Трубецкой, находясь в Праге и не зная о моем туда приглашении, возбудил в комиссии академического съезда вопрос о предоставлении мне стипендии. Ему возражали (также не зная о состоявшемся приглашении!) – кто бы вы думали… Струве! Поставив четырех кандидатов, в том числе Остроухова, Долинского и Зайцева – он заявил обо мне, что мой отец «арендует большое имение под Конст[антино] – полем и потому может содержать меня на собственный счет в Софии, где к тому же превосходные библиотеки!» Что это: непонимание, глупость или…? Что бы это ни было, – такой оборот дела, когда Учитель выступает против Ученика, – ясно показывает, что если стоит реализовать пражское приглашение – медлить нечего и нечего ждать решения медлительных болгар. Я вижу, что нужно немедленно же ехать в Прагу. А П.Б. [Струве]: ласкает покорных, топит еретиков… Воля Господня и Господь укажет, кому вознестись, а кому остаться бесплодным!..23
Оппозиция евразийцев по отношению к Струве была симптоматичной: евразийцы не принимали все старшее поколение «профессоров». Пожалуй, один только Карташев, чья «галлиполийская мистика» – пропаганда нового национального единства, в центре которого стояли армия и фронтовое братство, сфокусированные в опыте «галлиполийского сидения», – должна была импонировать евразийцам, оценивался ими неоднозначно24. Одним из объяснений такого неприятия служит стремление евразийцев осудить «декадентствующих» деятелей религиозно-философского ренессанса, чей религиозно-философский поиск они связывали с вырождением русской интеллигенции, ее «греховностью», неспособностью почувствовать грядущие изменения накануне революции и оторванностью от «народной толщи». Надо отметить, что подобные ощущения были характерны не только для евразийцев. В своих воспоминаниях 1940-х годов бывший эсер Федор Степун писал:
…хорошо мы жили в старой России, но и грешно. Если правительство и разлагавшиеся вокруг него реакционные слои грешили главным образом «любоначалием», то есть похотью власти, либеральная интеллигенция – «празднословием», то описанные мною… [культурные] круги повинны, говоря словами все той же великопостной молитвы Ефрема Сирина, в двуедином грехе «праздности и уныния».

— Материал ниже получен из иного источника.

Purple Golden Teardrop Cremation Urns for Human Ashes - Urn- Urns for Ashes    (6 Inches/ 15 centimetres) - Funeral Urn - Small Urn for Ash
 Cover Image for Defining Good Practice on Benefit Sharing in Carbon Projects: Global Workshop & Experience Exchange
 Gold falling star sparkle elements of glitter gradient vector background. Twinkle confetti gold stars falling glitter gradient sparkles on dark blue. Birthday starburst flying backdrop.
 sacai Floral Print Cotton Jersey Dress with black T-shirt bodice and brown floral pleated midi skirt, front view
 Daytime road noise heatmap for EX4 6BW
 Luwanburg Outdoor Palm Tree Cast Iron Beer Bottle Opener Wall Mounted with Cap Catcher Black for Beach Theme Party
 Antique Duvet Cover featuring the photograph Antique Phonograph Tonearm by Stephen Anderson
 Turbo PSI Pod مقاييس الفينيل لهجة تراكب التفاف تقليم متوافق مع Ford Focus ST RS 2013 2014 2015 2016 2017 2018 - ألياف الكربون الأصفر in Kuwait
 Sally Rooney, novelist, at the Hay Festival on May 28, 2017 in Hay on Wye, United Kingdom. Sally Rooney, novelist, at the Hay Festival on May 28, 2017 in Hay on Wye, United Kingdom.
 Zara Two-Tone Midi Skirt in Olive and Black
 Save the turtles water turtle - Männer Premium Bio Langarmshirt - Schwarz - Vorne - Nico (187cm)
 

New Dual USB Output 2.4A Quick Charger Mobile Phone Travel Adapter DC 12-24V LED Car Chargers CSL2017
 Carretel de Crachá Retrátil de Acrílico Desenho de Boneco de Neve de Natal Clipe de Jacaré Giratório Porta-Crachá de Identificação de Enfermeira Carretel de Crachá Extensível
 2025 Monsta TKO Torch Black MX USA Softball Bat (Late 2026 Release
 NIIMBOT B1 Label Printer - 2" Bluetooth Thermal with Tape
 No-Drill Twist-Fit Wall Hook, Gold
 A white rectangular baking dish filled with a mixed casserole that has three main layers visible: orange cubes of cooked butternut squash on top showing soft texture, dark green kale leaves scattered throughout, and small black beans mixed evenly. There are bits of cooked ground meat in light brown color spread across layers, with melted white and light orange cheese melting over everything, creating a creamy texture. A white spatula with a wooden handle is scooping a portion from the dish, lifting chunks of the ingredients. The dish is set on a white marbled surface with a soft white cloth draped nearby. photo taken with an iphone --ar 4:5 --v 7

Дать людям, рожденным после 1914 года, правильное представление об этом грешном духе, об его тончайшем аромате и его растлевающем яде не легко. Дух праздности, о котором я говорю, не был, конечно, духом безделья. Наша праздность заключалась не в том, что мы бездельничали, а в том, что убежденно занимались в известном смысле все же праздным делом: насаждением хоть и очень высокой, но и очень малосвязанной с «толщью» русской жизни культуры… «праздность» культурной элиты «канунной» России заключалась, конечно, лишь в том, что, занимаясь очень серьезным для себя и для культуры делом, она, с социологической точки зрения, занималась все же «баловством»25.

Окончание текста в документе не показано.